This invention relates to a fastener for securing electrically conductive (including signal conductive), insulation coated cables such as television signal conducting cables, to support members, usually of wood.
Attachment of television cables and the like to support members of a building such as a home is primarily accomplished at the present time by using U-shaped wire staples fired from a staple gun. The wire staple and gun are simple, inexpensive and easily employed by cable installers. Unfortunately, however, such staples typically distort the cable (see FIG. 8 herein) and often even short out the cable by puncturing the insulation jacket. After installation it is extremely difficult to determine which staple or staples of the many used have caused the shorting action. Further, such wire staples themselves become distorted as they are inserted, especially if one leg engages a more dense material than the other. Moreover, such staples, after installation, have a tendency to undesirably pull back out of the wood support. Often the staples do not hold the cable securely such that the cable can move linearly and thereby scrape the insulation, or twist within the staple. Both of these are undesirable characteristics.
Because of these problems with the wire staple, another type of fastener has been developed heretofore (FIG. 9). It is formed of multiple pieces including a rectangular, molded, plastic body with two loosely inserted tiny wire nails extending through preformed openings at opposite ends of the body. This complex and relatively more expensive fastener is installed by a special installation tool. This type of fastener has a high rate of waste due to difficulty in hitting and driving the small nails, due to faulty cartridge characteristics holding the fasteners together in battery form, and other factors. The fastener is also considered to be bulky and to have poor appearance. Moreover, the small fastener nails often do not penetrate in a manner to restrain the cable against movement axially or against cable twisting, so that the cable insulation can be punctured as it slides through the fastener. And the tiny nails have a tendency to pull back out of the wood after installation. Consequently, in spite of this elaborate fastener being available, the cheap wire staple is really the industry standard, despite its defects.
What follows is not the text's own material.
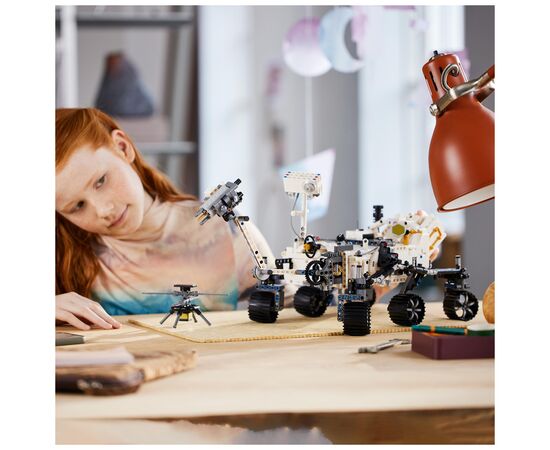 Конструктор LEGO Technic Миссия NASA Марсоход Персеверанс 1132 деталей (42158), изображение 3 Конструктор LEGO Technic Миссия NASA Марсоход Персеверанс 1132 деталей (42158), изображение 3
The inventor herein, a television cable installer by trade, has experienced the frustration of making potentially defective installations using wire staples which are standard to the industry. He realized from his own experience and from communication with others in the trade that there is a significant need for a fastener that would be simple, relatively inexpensive, one piece in structure, capable of installation from a common staple gun, consistent in its penetration characteristics, stable against retraction, usable in a battery type arrangement, not having the cable distortion and shorting potential which characterize the present technology, and being rust or corrosion resistant.